TASK OBJECTIVE:
Set the pictures aside and transcribe exactly the lines from the one containing "portada West Germany" through the final line of the records.
[[ INFORMATION SHOWN, beginning ]]
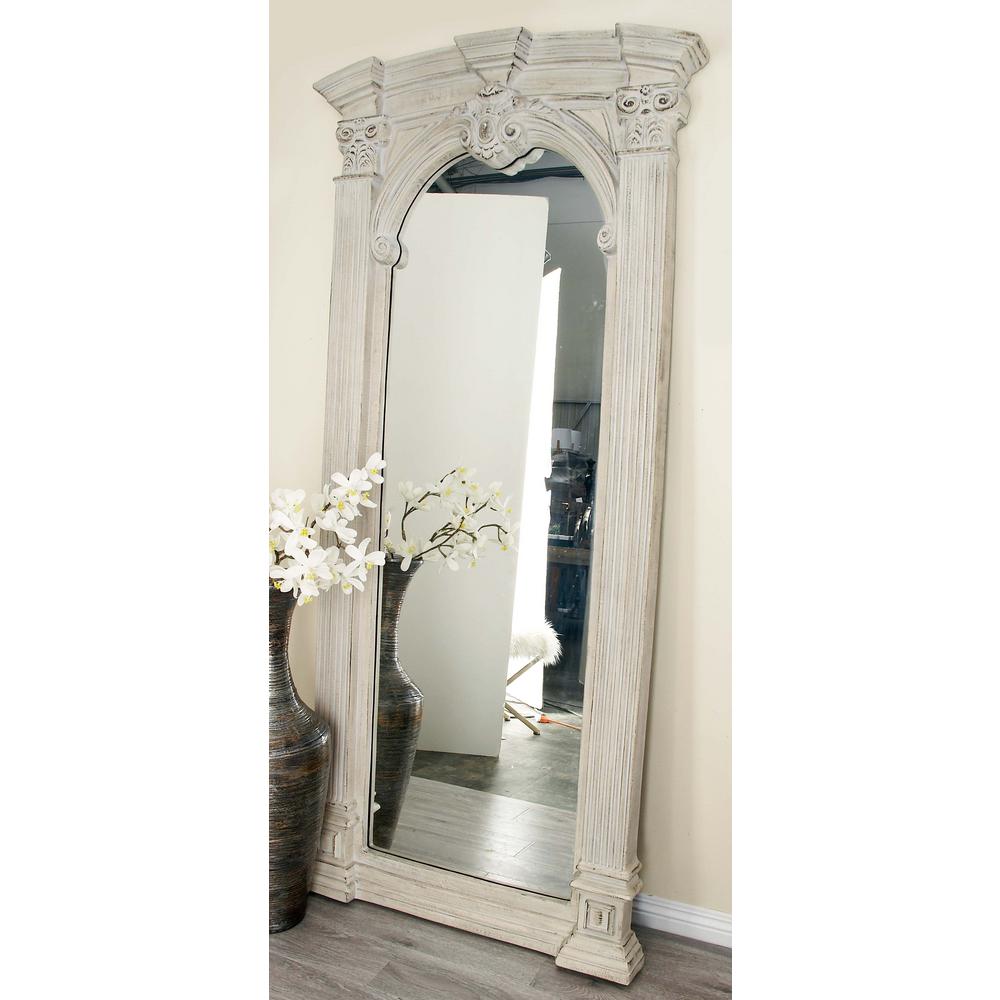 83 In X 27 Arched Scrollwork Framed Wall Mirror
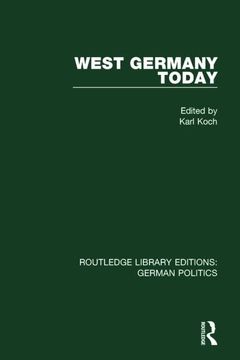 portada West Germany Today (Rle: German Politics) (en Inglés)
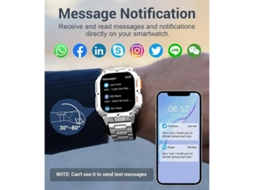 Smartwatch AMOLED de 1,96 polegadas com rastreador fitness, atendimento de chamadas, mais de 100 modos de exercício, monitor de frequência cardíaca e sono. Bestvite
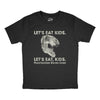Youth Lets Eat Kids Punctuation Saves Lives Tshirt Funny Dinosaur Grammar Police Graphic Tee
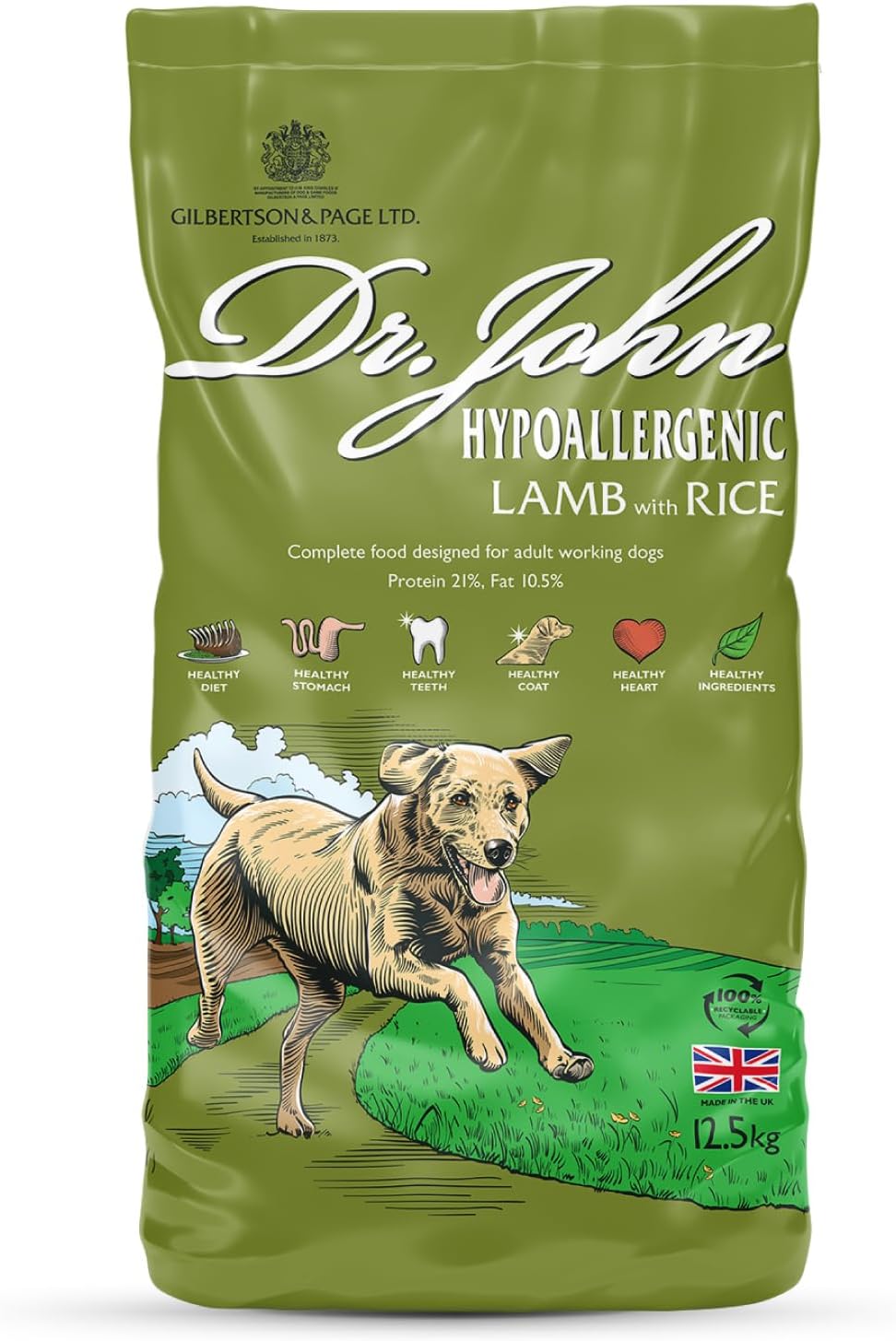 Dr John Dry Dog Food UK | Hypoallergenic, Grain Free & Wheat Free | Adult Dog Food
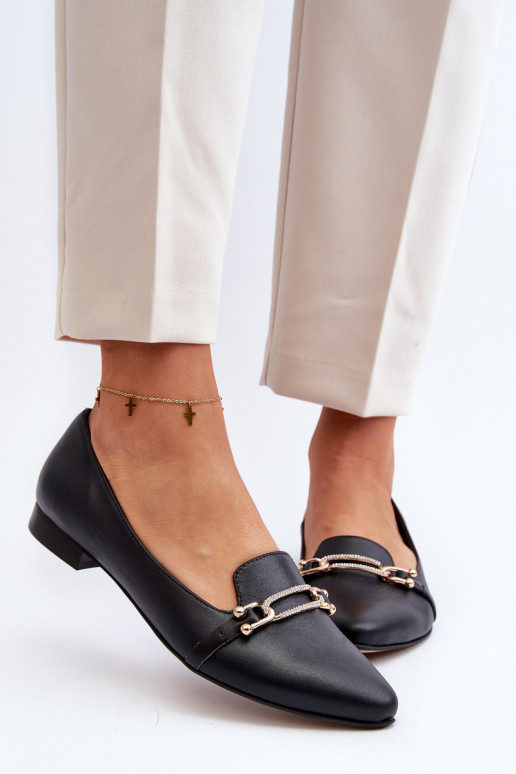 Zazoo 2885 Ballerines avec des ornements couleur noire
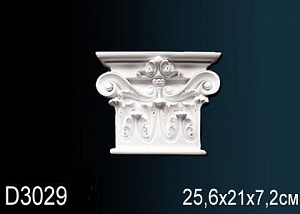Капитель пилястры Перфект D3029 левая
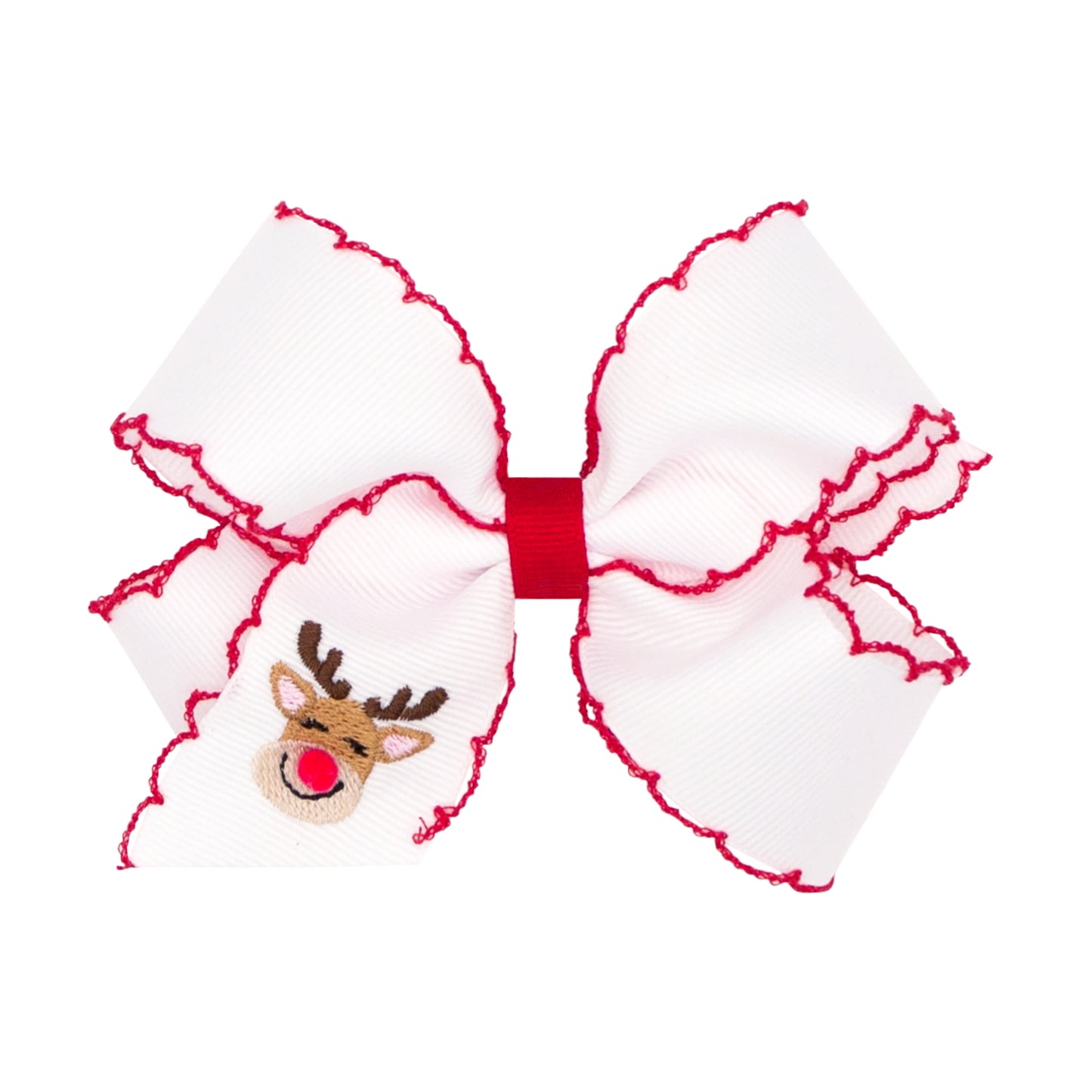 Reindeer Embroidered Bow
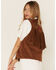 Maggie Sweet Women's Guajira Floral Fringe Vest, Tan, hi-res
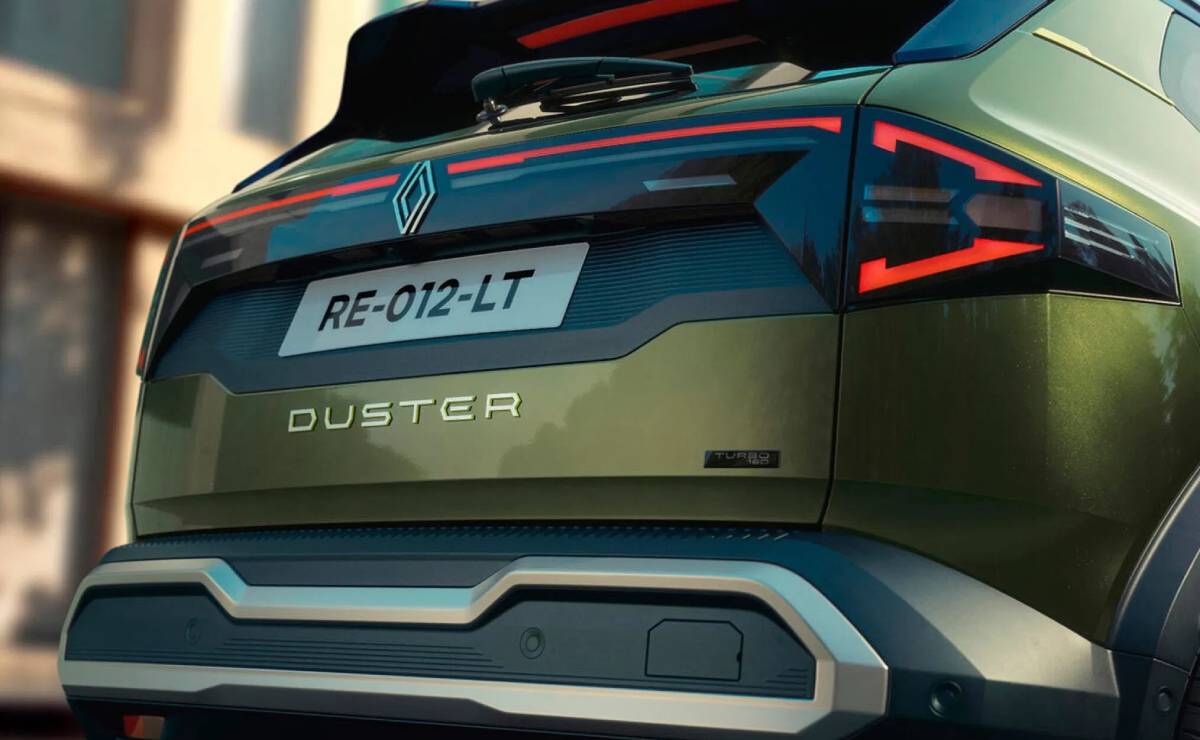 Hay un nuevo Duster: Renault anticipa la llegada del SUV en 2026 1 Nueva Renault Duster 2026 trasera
[[ INFORMATION SHOWN, end ]]
RESPONSE AREA:
 portada West Germany Today (Rle: German Politics) (en Inglés)
 Smartwatch AMOLED de 1,96 polegadas com rastreador fitness, atendimento de chamadas, mais de 100 modos de exercício, monitor de frequência cardíaca e sono. Bestvite
Youth Lets Eat Kids Punctuation Saves Lives Tshirt Funny Dinosaur Grammar Police Graphic Tee
 Dr John Dry Dog Food UK | Hypoallergenic, Grain Free & Wheat Free | Adult Dog Food
 Zazoo 2885 Ballerines avec des ornements couleur noire
Капитель пилястры Перфект D3029 левая
 Reindeer Embroidered Bow
 Maggie Sweet Women's Guajira Floral Fringe Vest, Tan, hi-res
 Hay un nuevo Duster: Renault anticipa la llegada del SUV en 2026 1 Nueva Renault Duster 2026 trasera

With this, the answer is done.